C++11: Compile-time Array with Logarithmic Evaluation Depth

Question

One way to implement a C++11 array that has its elements initialized by a function of their index calculated by the compiler and have the results stored in the data section (.rodata) of the application image is to use templates, partial specialization and constexpr as follows:

#include <iostream>
#include <array>
using namespace std;

constexpr int N = 1000000;
constexpr int f(int x) { return x*2; }

typedef array<int, N> A;

template<int... i> constexpr A fs() { return A{{ f(i)... }}; }

template<int...> struct S;

template<int... i> struct S<0,i...>
{ static constexpr A gs() { return fs<0,i...>(); } };

template<int i, int... j> struct S<i,j...>
{ static constexpr A gs() { return S<i-1,i,j...>::gs(); } };

constexpr auto X = S<N-1>::gs();

int main()
{
        cout << X[3] << endl;
}

This doesn't work for large values of N:

error: constexpr evaluation depth exceeds maximum of 512 

This is because of the head-tail style of recursive template evaluation, that has linear depth in terms of N.

Is there a way to do it such that the evaluation depth is logarithmic in terms of N, rather than linear? (and hence would avoid the default depth limit)

Answer 1

In c++14 with general constexpression function needn't any sequence, make_sequence

static constexpr int f(int i) noexcept { return i * 2; }

template< int N, typename F >
static constexpr std::array<int,N> generate_array( F fo ) noexcept
{
     std::array< int, N > result{}; // init with zero
     int i = 0; 
     for( auto& x : result) x = fo(++i);

     return result;
}

// test
constexpr auto arr = generate_array<10>( f );

Only has one problem, there is no compiler which can compile it :)

Answer 2

If what you're using in the code is a weird form of the indices trick, here's an implementation that has O(log N) instantiations:

// using aliases for cleaner syntax
template<class T> using Invoke = typename T::type;

template<unsigned...> struct seq{ using type = seq; };

template<class S1, class S2> struct concat;

template<unsigned... I1, unsigned... I2>
struct concat<seq<I1...>, seq<I2...>>
  : seq<I1..., (sizeof...(I1)+I2)...>{};

template<class S1, class S2>
using Concat = Invoke<concat<S1, S2>>;

template<unsigned N> struct gen_seq;
template<unsigned N> using GenSeq = Invoke<gen_seq<N>>;

template<unsigned N>
struct gen_seq : Concat<GenSeq<N/2>, GenSeq<N - N/2>>{};

template<> struct gen_seq<0> : seq<>{};
template<> struct gen_seq<1> : seq<0>{};

// example

template<unsigned... Is>
void f(seq<Is...>);

int main(){
  f(gen_seq<6>());
}

Live example.

Answer 3

The only tail recursive template, that's causing the linear template instantiation depth, is the construction of the list of integers in the template parameter list of S.
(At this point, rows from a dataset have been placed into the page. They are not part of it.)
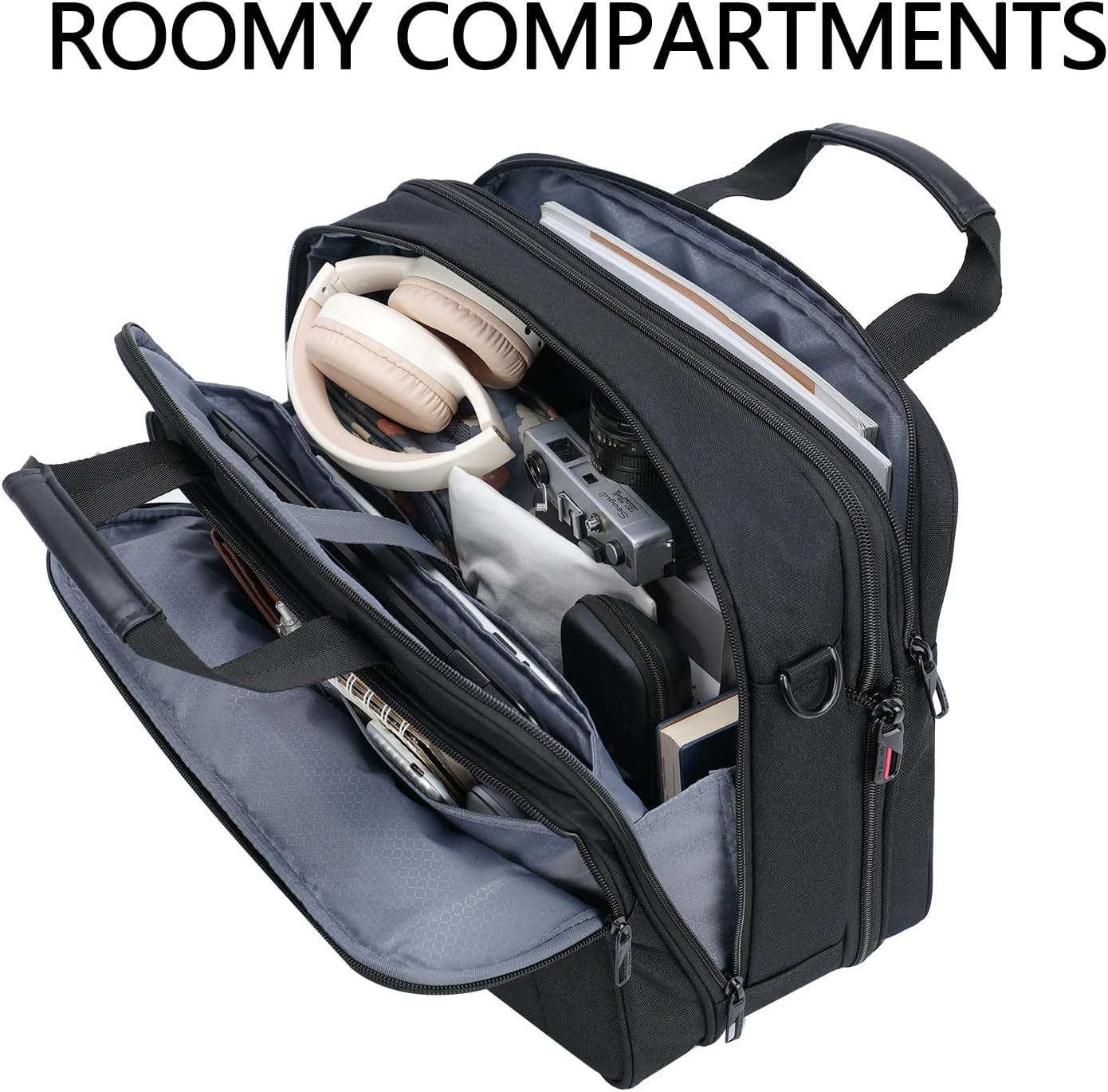 VANKEAN Laptop Briefcase Premium Laptop Case Fits Up to 15.6 Inch Business Shoulder Bag Laptop Expandable Water-Repellent Messenger Bag for Men/Women Computer Bag for Travel/Business/Black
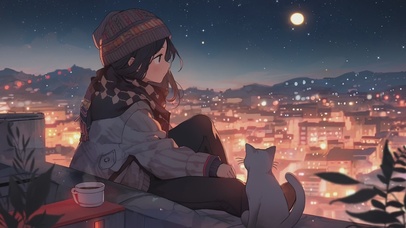 屋顶上的可爱女孩和小猫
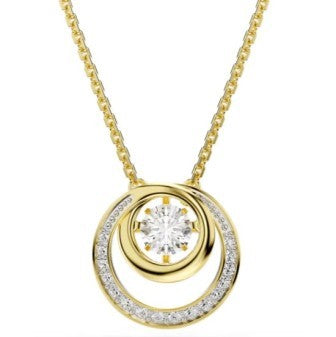 Swarovski Hyperbola Circle Pendant, Round White Crystals, Gold Tone Plated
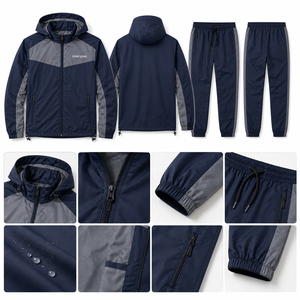 Chaqueta Deportiva Impermeable con Capucha y Logotipo Personalizado, Pantalones con Forro de Malla Transpirable y Bolsillo Trasero con Cremallera, Venta al Por Mayor - Product Image 4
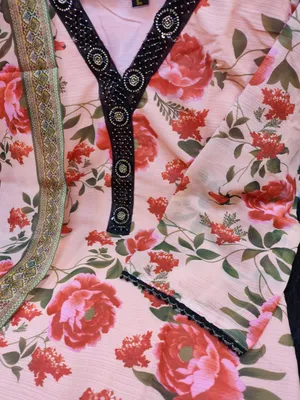 Designer Georgette Palazzo Set with Printed Silk Dupatta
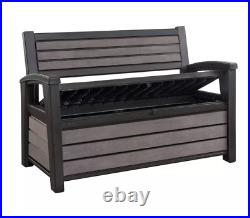 Keter Resin Storage Bench Deck Box Seat Weather Resistant Patio Chair 60 Gallon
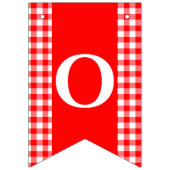 Red Gingham Monogram Picnic Bunting Banner (Derde vlag)
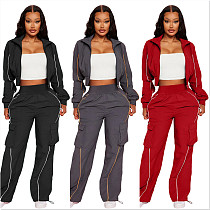 Casual Zip-up Jacket and Straight-leg Trousers Two-piece Set With Workwear-style Pockets YNS-8021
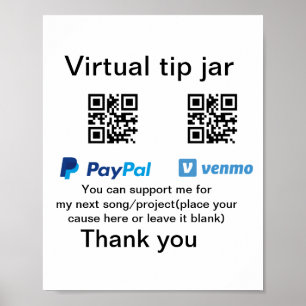 Virtuele tip per vierkante of codetonatie PayPal v Poster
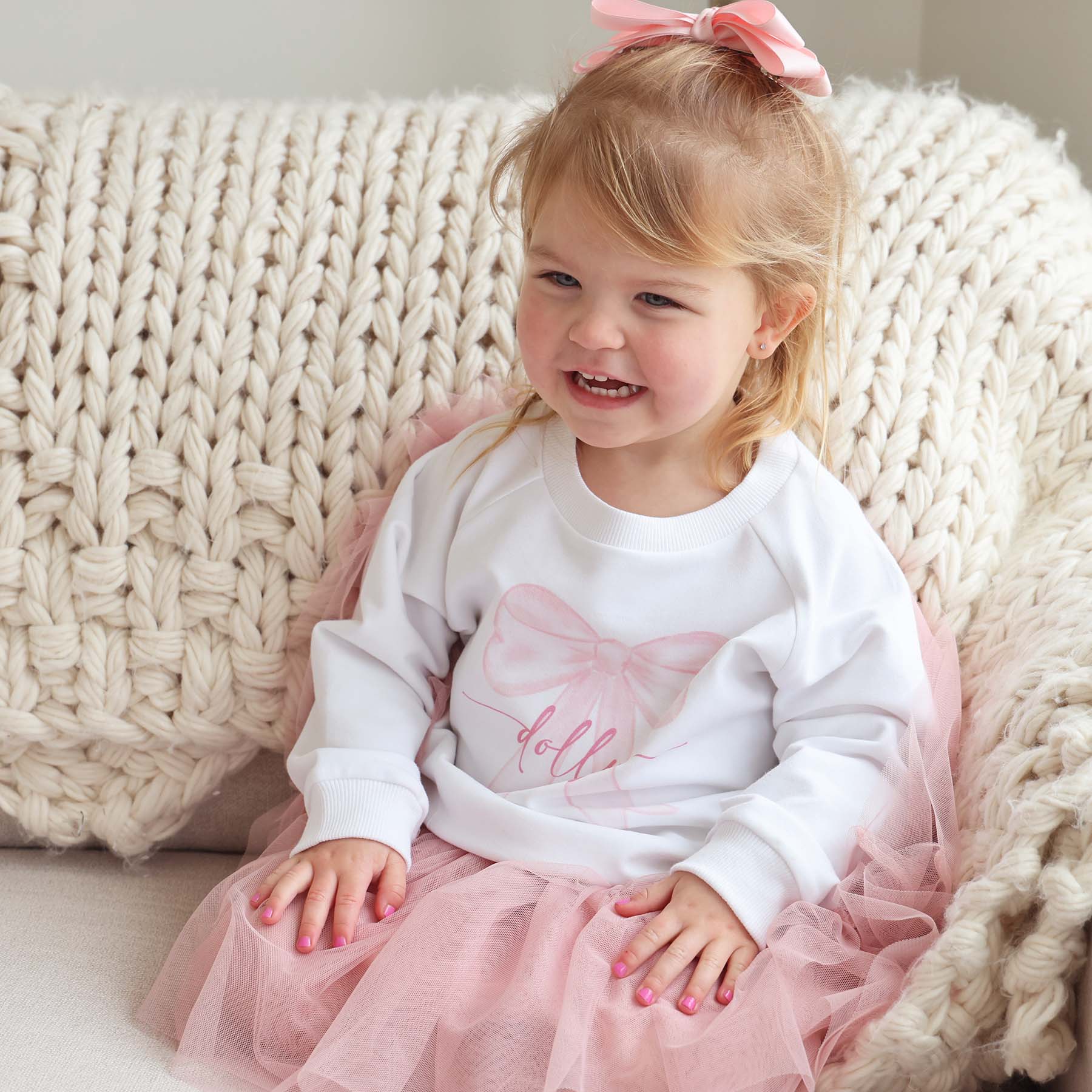 Personalized Bow Kids Graphic Sweatshirts | White - Image 8
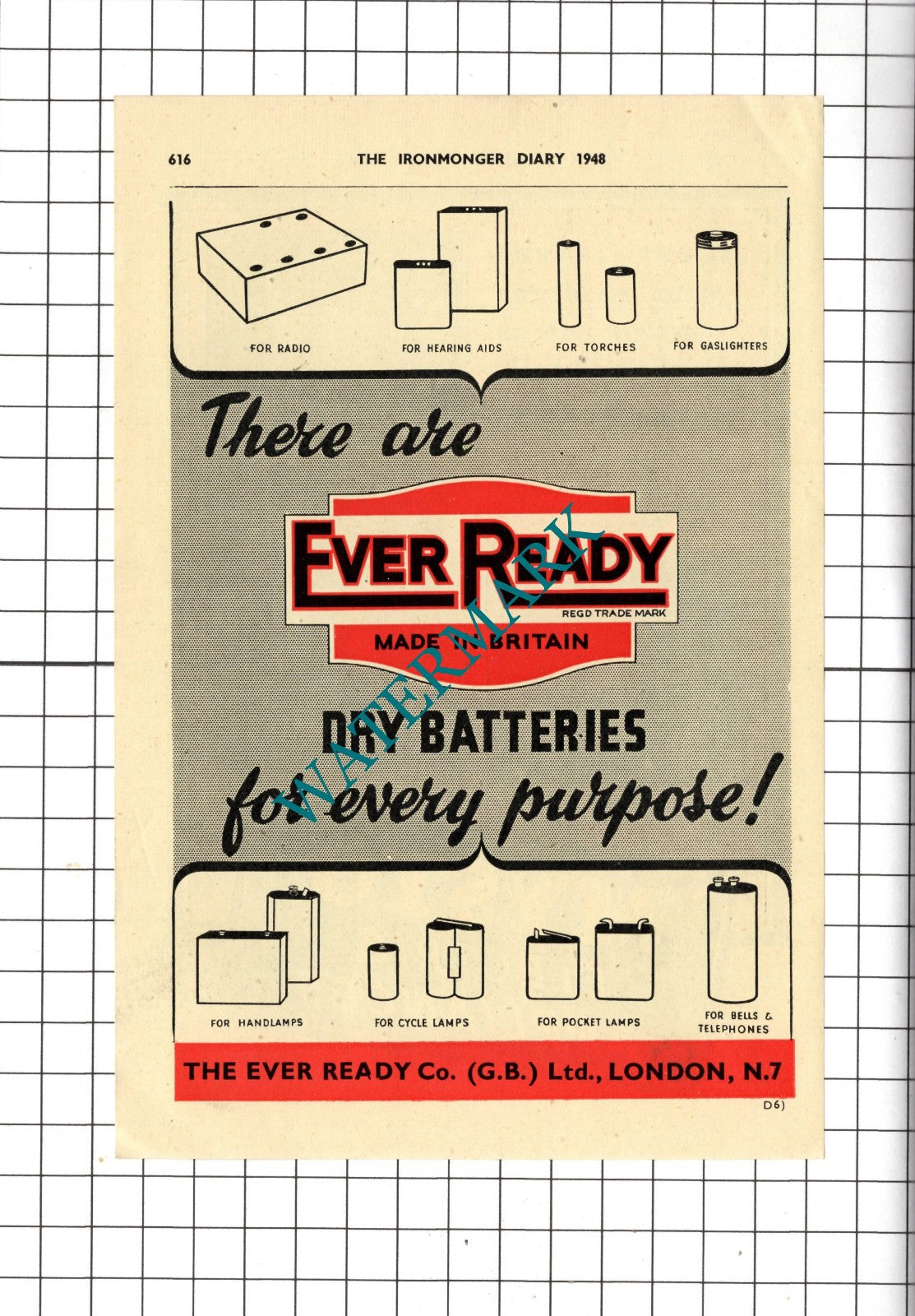 W T French & Son Ltd Birmingham Mysto The Ever Ready Co Ltd London - 1948 Advert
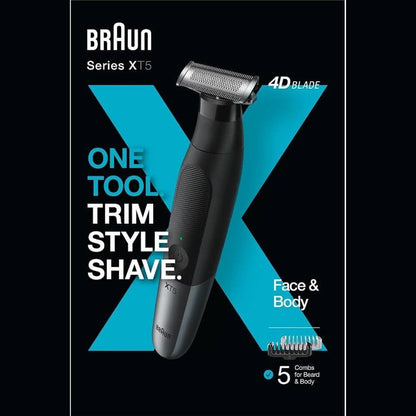 312238 -Braun Series XT5 – Pajisje për shkurtimin e mjekrës, rroje dhe brisk elektrik për burra, set për kujdesin e trupit, teh i qëndrueshëm, një mjet i vetëm për mjekrën e shkurtër, qimet e trupit, zonën intime dhe sqetullat, XT5100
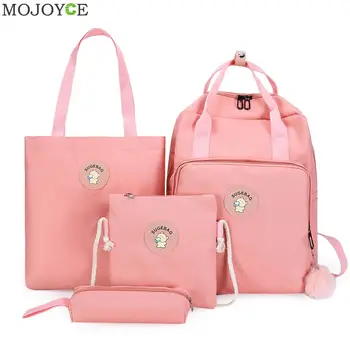 

4pcs/Set Women School Backpacks Teenagers Girls Student Book Bag Satchel Mochila Outdoor Shopping Accessaries Supplies
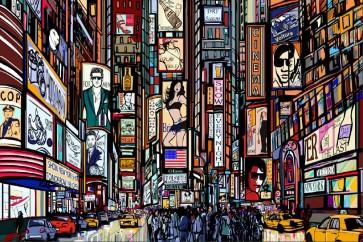 Pop Studio - New York - Times Square Cartoon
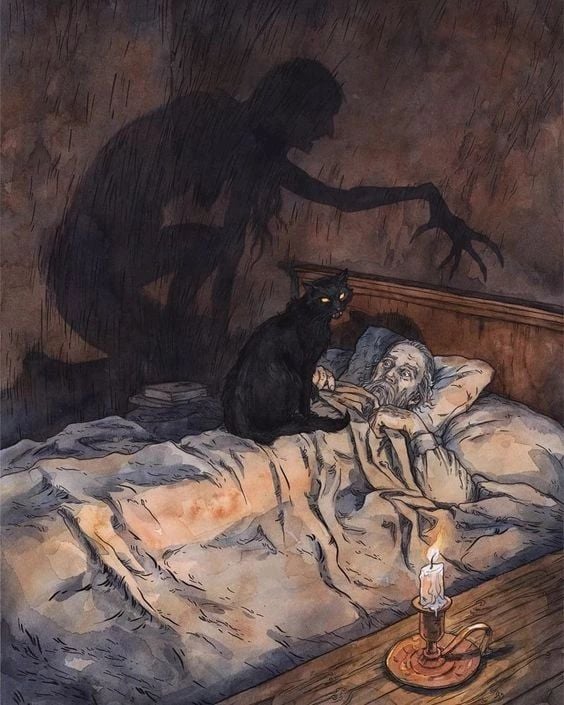 A watercolor illustration of a man frightened in bed. A black cat rests menacingly on his chest, and a candle throws a shadow onto the wall, revealing that the cat is actually a hag-like demon.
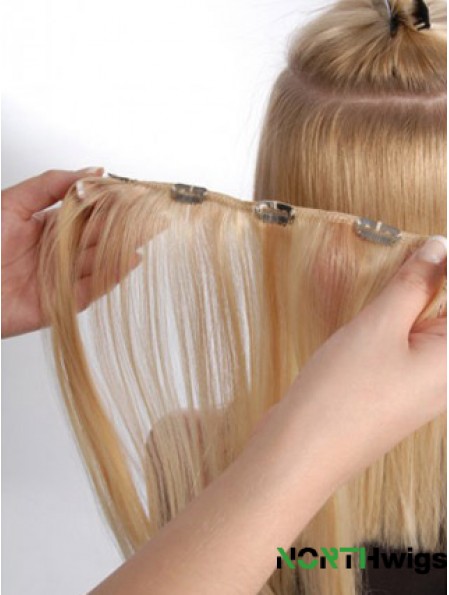 Hair Extension Clips Remy Straight Style Blonde Color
This can be done in logarithmic instantiation depth, as you suggest:

template <int ... Ints> struct seq;

template <int Start, int End> 
struct range
{
  typedef concat_seq<range<Start, Start+(End-Start)/2>::type, range<Start+(End-Start)/2, End>::type>::type type;
};

template<int Singleton>
struct range<Singleton, Singleton+1>
{
  typedef seq<Singleton> type;
};

template <int NoSingleton>
struct range<NoSinleton, NoSingleton>
{
  typedef seq<> type;
};

Add a bunch of typenames where appropriate, implement concat_seq (easy), extract the argument list for fs from range<0, N>::type and there you go.